When the "new" music finally found its way to Iceland, the population, with certain exceptions, especially as regards church music, proved to be more receptive than might have been expected. Latent creative talent soon emerged, and musical development has been exceedingly rapid in the twentieth century. In the 1980’s Icelandic music was on the world music map with the emergence of artists such as the Sugarcubes. In more recent years Iceland has seen international success of many more artists, such as Sigur Rós.
Jón Leifs (1899-1968) is one of Iceland’s best known classical composer writing many of his works about Icelandic nature which bore titles such as Hekla, Dettifoss and Geysir. The Iceland Symphony Orchestra was founded in 1950 and was nominated for a Grammy Award in 2009. Pianist Víkingur Ólafsson has garnered an international reputation as well as cellist Sæunn Þorsteinsdóttir and Daníel Bjarnason, a young classical composer and conductor.
Iceland has many annual music festivals. The most recognised festival is Iceland Airwaves which started out in 1999 in an airplane hangar in Reykjavík.
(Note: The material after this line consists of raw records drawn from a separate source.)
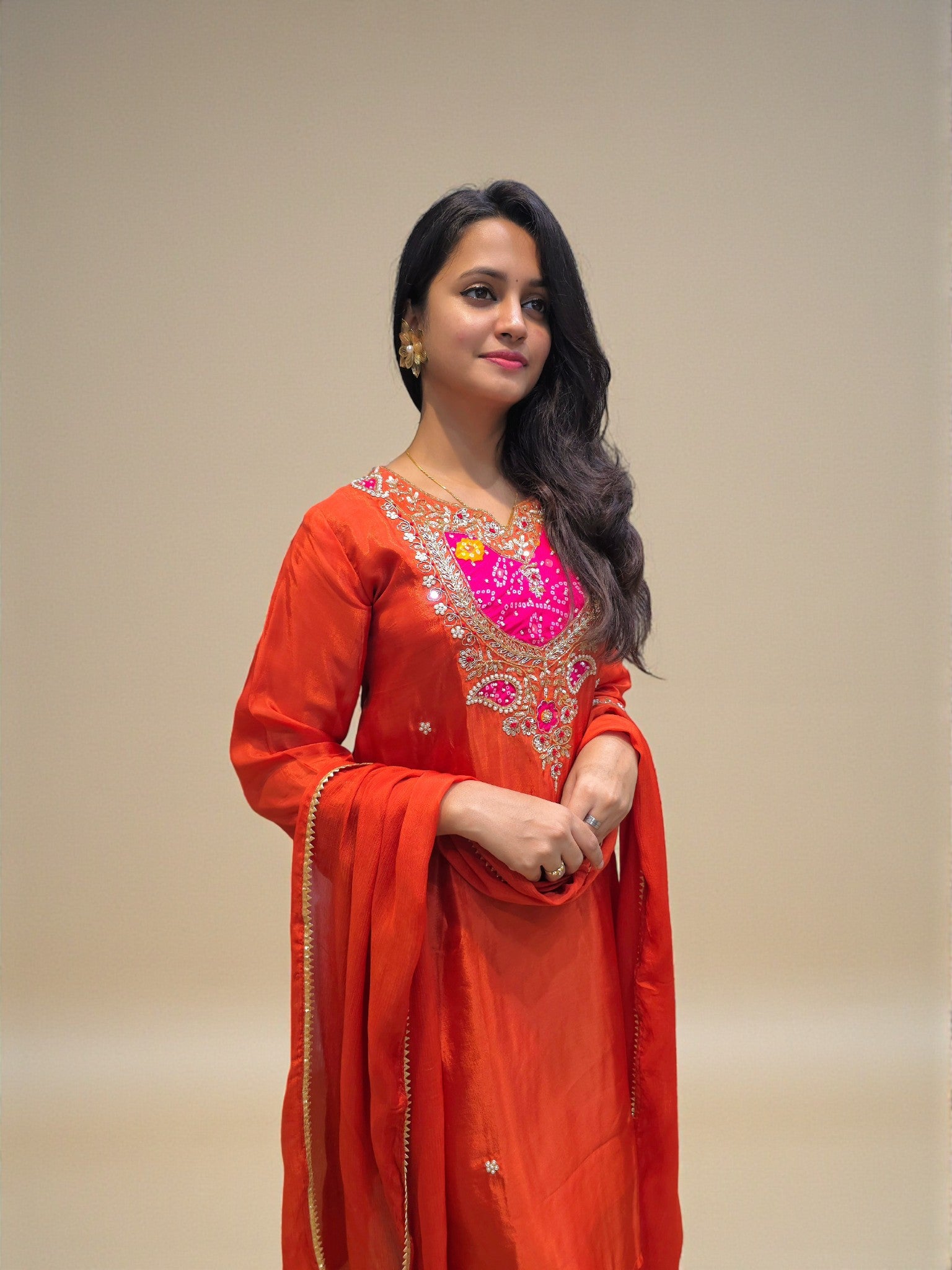 Festive wear rust orange handwork kurta palazzo ethnic set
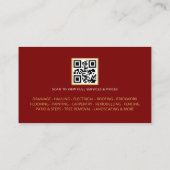 Red Gold Handyman Repair & Maintenance QR Code Visitenkarte (Rückseite)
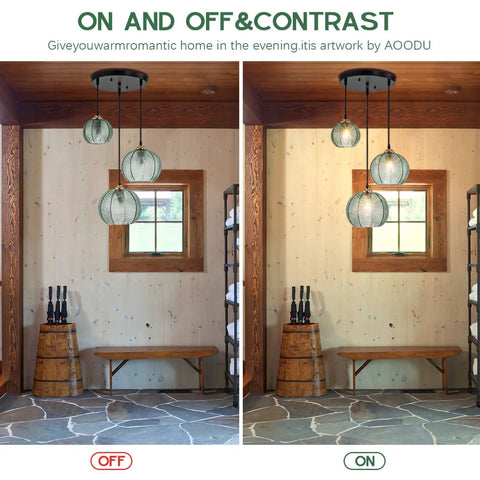 Modern 3-Light Hand-Blown Green Glass Pendant Lighting Chandelier For Kitchen Island And Dining Room lit and unlit comparison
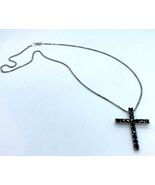 QVC Sterling Silver and Black Crystal Cross Pendant Necklace 18" - $28.49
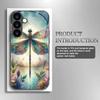Dragonfly pattern tempered glass phone case suitable for Samsung GalaxyS26 S25 S24 S23 S22 S20FE/Ultra/Plus anti drop back cover
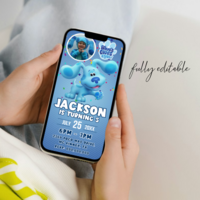 Blue's Clues Birthday Invitation, Paw-Ty Blue's Clues E-Invite Birthday Invitation Canva Editable - Thumbnail 3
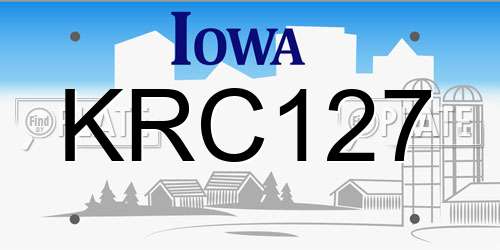 KRC127 Iowa License Plate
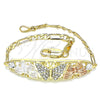Pulsera Elegante 03.380.0046.08 Oro Laminado, Diseño de Mariposa, con Blanca Cristal, Pulido, Tres Tonos (05 MM Thickness, 8 Inches Length)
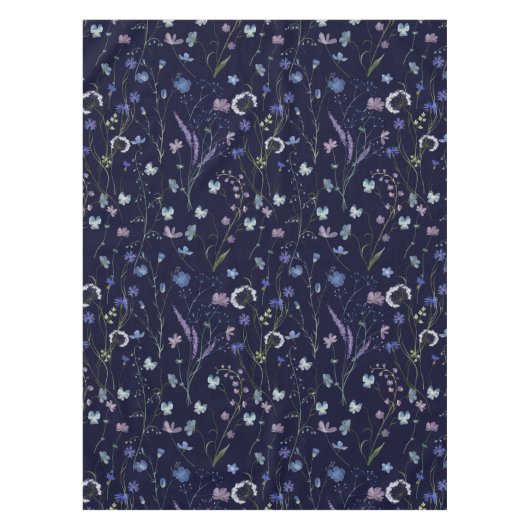 Blauw Paarse  Wildflower Bloempatroon Tafelkleed (Voorkant)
The festival showcases the Icelandic rock/pop/electro music scene along with numerous international acts. The festival takes place in October each year and is very popular as tickets are typically sold out weeks before it’s commencement. Among other festivals are I Never Went South, classical music festival Dark Music Days, hard rock festival Eistnaflug, Reykjavík Blues Festival, Reykjavík Jazz Festival and many more.